The problem
Write the listing out once more, identical to the original but without pictures.

Collected material

====================

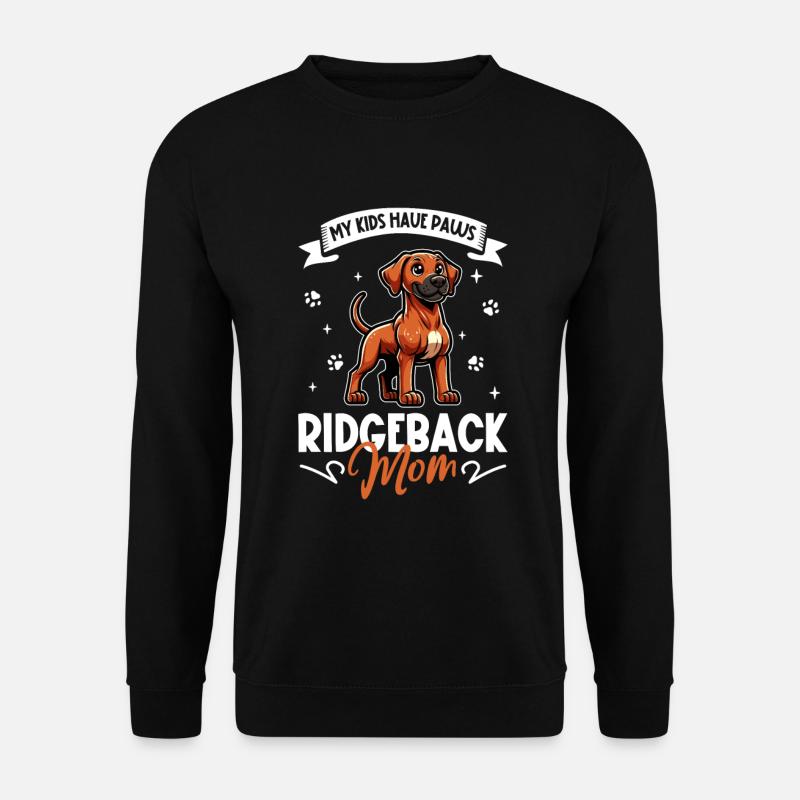 Rhodesian Ridgeback Mom - Unisex Sweatshirt - black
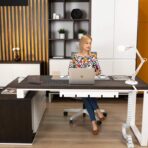ebony office furniture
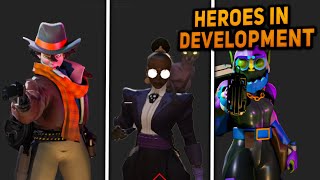 Testing All New Heroes In Development In Deadlock [upl. by Ydnic]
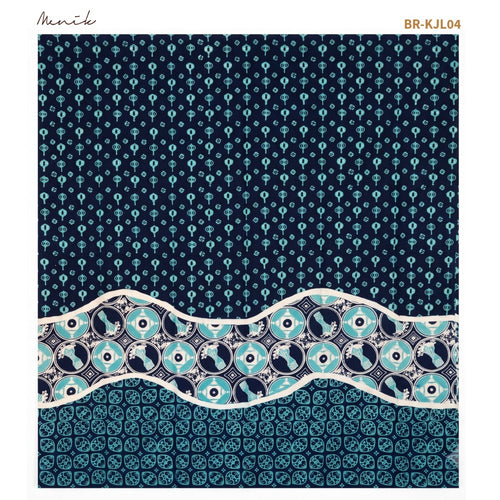 Batik Tangerang Motif Jam Gede Jasa BR-KJL04 - Menik Batik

====================

Result
 Rhodesian Ridgeback Mom - Unisex Sweatshirt - black
ebony office furniture
 Testing All New Heroes In Development In Deadlock [upl. by Ydnic]
 Batik Tangerang Motif Jam Gede Jasa BR-KJL04 - Menik Batik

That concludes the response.